Close to 10 schools will, on August 10, face the Examination Executive Committee, EEC, of the Cameroon General Certificate of Education, GCE Board.

These institutions have been summoned by the Board to answer charges of examination malpractices ranging from impersonation, use of mobile phones, use of pre-prepared materials, absenteeism,  the use of multiple choice questions with regular pattern, among others that characterised the 2013/2014 session of the examination in these institutions.

Besides the above schools, some individual candidates, Superintendents of examination centres and Principals of various institutions of learning have also been summoned to appear before the EEC of  the GCE Board for related examination shortcomings, and to assist the EEC in investigating some of the allegations.

Speaking in an exclusive interview with The Post, the Registrar of the GCE Board, Humphrey Ekema Monono, said these institutions, whose results have been withheld and candidates who have been summoned, will be rigorously vetted. If found guilty, the Registrar went on, the schools and the candidates will be severely sanctioned. Some of the sanctions include; suspension of candidates for either three years or one year – depending on the gravity of offences. But, the results of any found not guilty, will be released.

 

This move, the Registrar went on, is intended to put an end to cheating and other examination misconducts that can tarnish the image of the Board.

Monono threw more light on the performances of the candidates in the various levels: out of the 81,877 candidates who sat for the Ordinary Level, only 28,177 succeeded, scoring 34.77 percent. This year’s results, he added, recorded a decrease of 11.36 percent as compared to last year. 

The reason for the poor performance in the ordinary level session, Monono said, can be blamed on the students’ ages. 

“The students are very young and are not focused, their level of understanding is equally very low. The absence of teachers in most schools and the problem of teachers not following the right syllabus is another issue. Some of these teachers do not make an effort to complete the syllabus and it reflects on the students’ results. Again, some teachers in Government schools are becoming lazy, students in private schools perform better because they are well coordinated. The syndrome of teachers not being Principals or Vice Principals in most Government schools, is greatly affecting the students. This, of course, shows that some teachers don’t love teaching and only use it to gain transfers to other ministries,” Monono stated.

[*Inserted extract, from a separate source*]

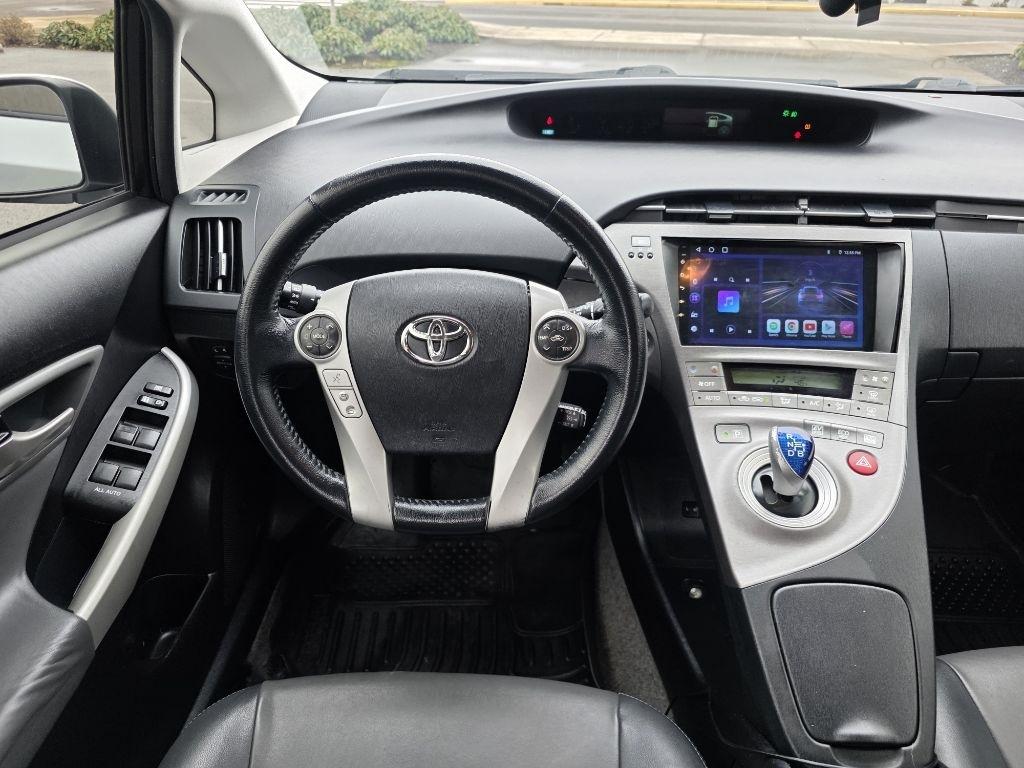 Toyota Prius 5dr HB Three (Natl) 2012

Meanwhile, the Registrar lauded candidates’ performances in the Advanced Level. According to him,

the Advanced Level recorded an 8.01 percent increase as opposed to last year. The Registrar attributed this increase rate to maturity of the Advanced Level candidates. 

"The candidates are more focused and do not need teachers to follow them around,” he averred.

On the issue of collaboration with the MTN Mobile Phone Service Company, the Registrar said “results were not sold to MTN and Orange. We signed a contract with Agence de Regulation Telephonique that uses the Short Message Service, SMS, Code. We wanted our candidates to receive their results with ease. We don’t sell results to MTN.”

On the GCE Board’s omission of Physics results, Monono said; “The problem was caused by poor network, but we assured the candidates that the Physics results are found on the candidates’ results slips.” 

The GCE Board boss observed that their biggest problem is the lack of teachers; especially in the rural areas and that most teachers in the field do not have the passion for the profession and fear that schools may soon run out of teachers as trained teachers end up in different ministries and not in the classrooms.

Source: The Post

By Andrew Nsoseka, Glory Nkwain & Rosaline Ayompe (UB and ASMAC Journalism Students On Internship)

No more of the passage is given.